> _Work to complete_
Everything from the line with "Artist Antonio Da Correggio" to the line with "Transparent Protective Goggles" in the listing below, both lines included, needs to be copied exactly, apart from the pictures.

> _Record excerpts_
============
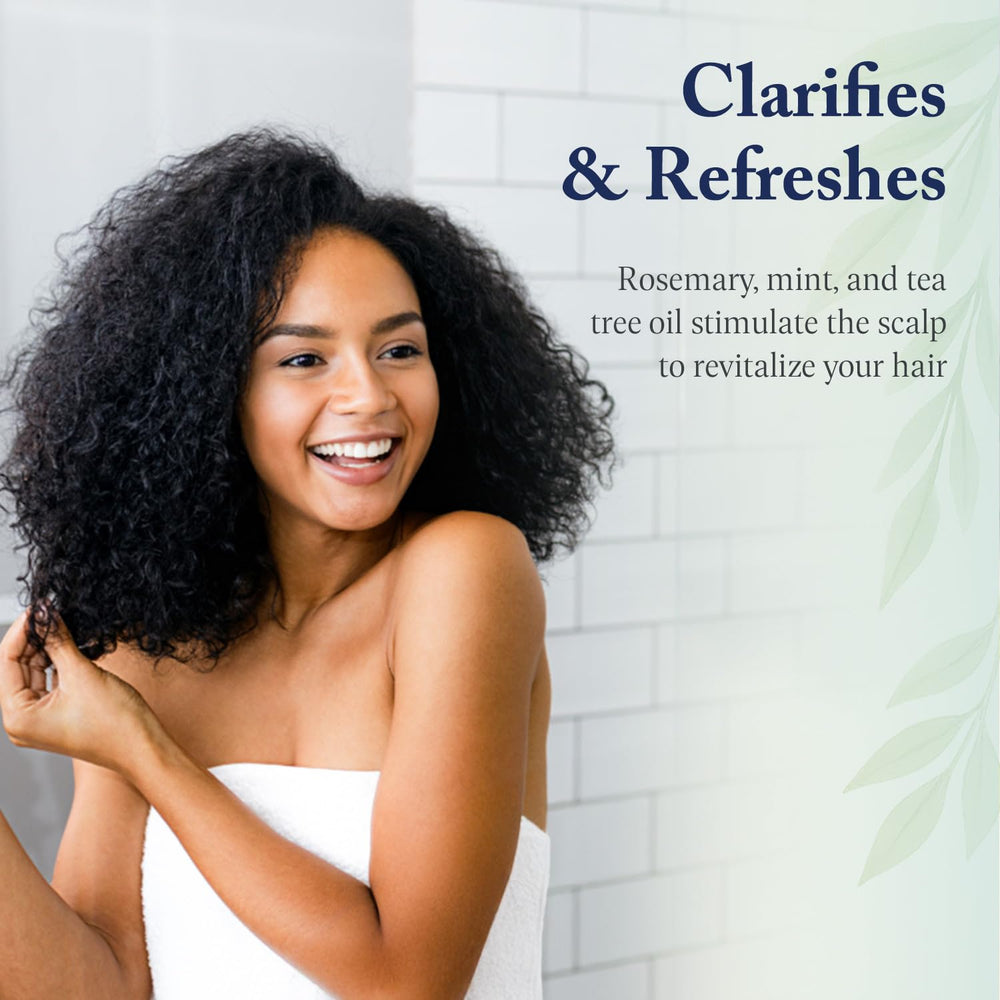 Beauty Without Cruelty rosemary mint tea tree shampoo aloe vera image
============
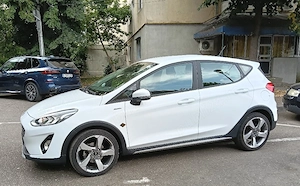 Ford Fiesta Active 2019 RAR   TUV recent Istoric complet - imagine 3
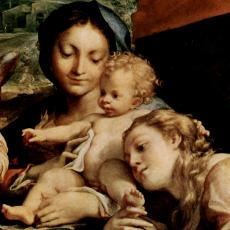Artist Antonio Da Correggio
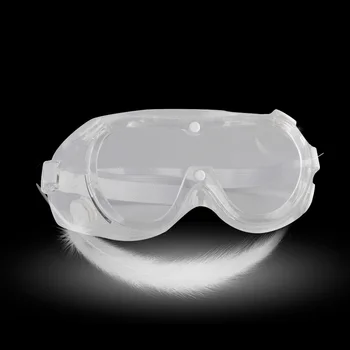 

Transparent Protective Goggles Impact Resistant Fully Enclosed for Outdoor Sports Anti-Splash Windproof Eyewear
============
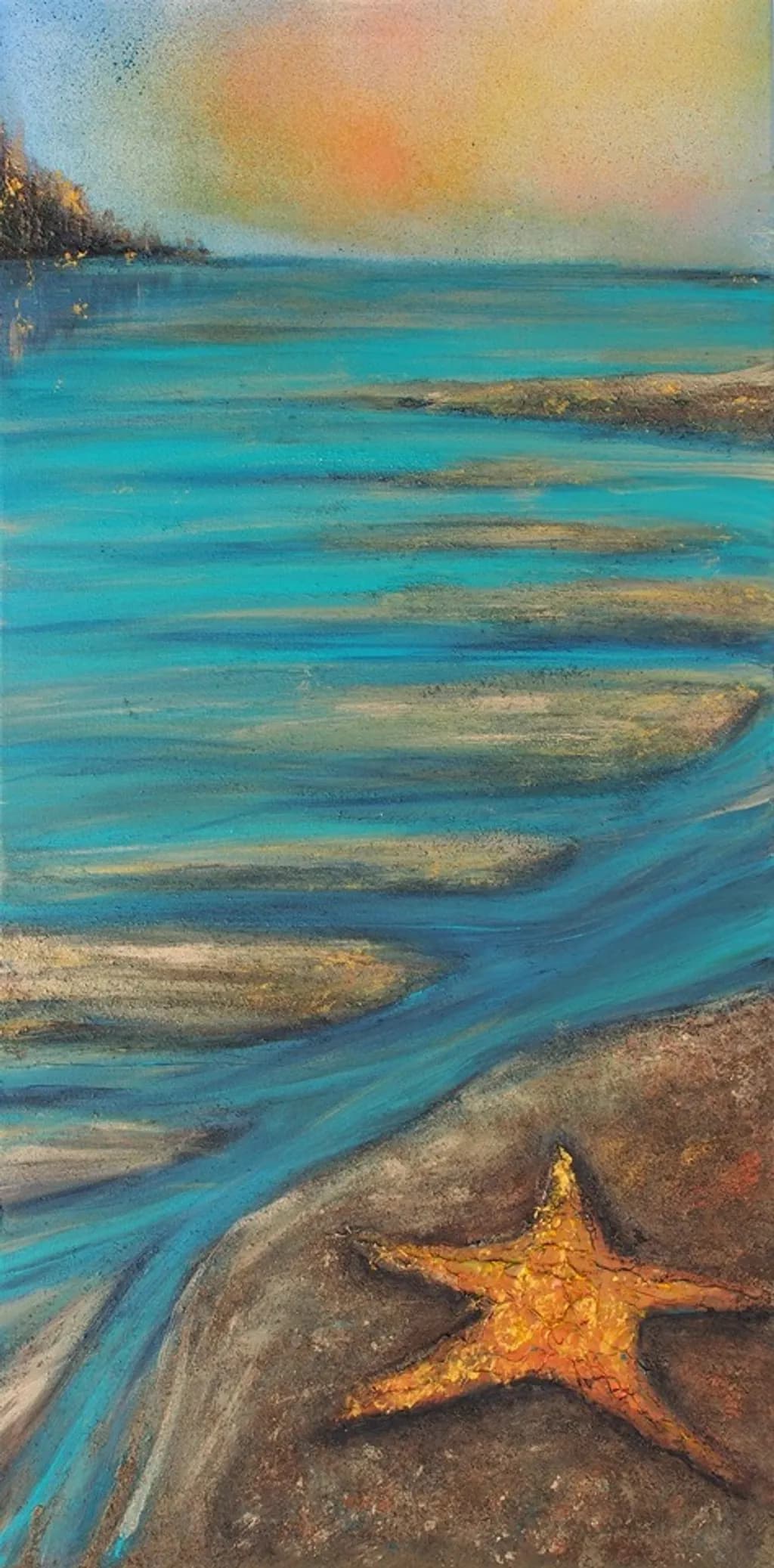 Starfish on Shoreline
============
> _Your solution_
Artist Antonio Da Correggio

Transparent Protective Goggles Impact Resistant Fully Enclosed for Outdoor Sports Anti-Splash Windproof Eyewear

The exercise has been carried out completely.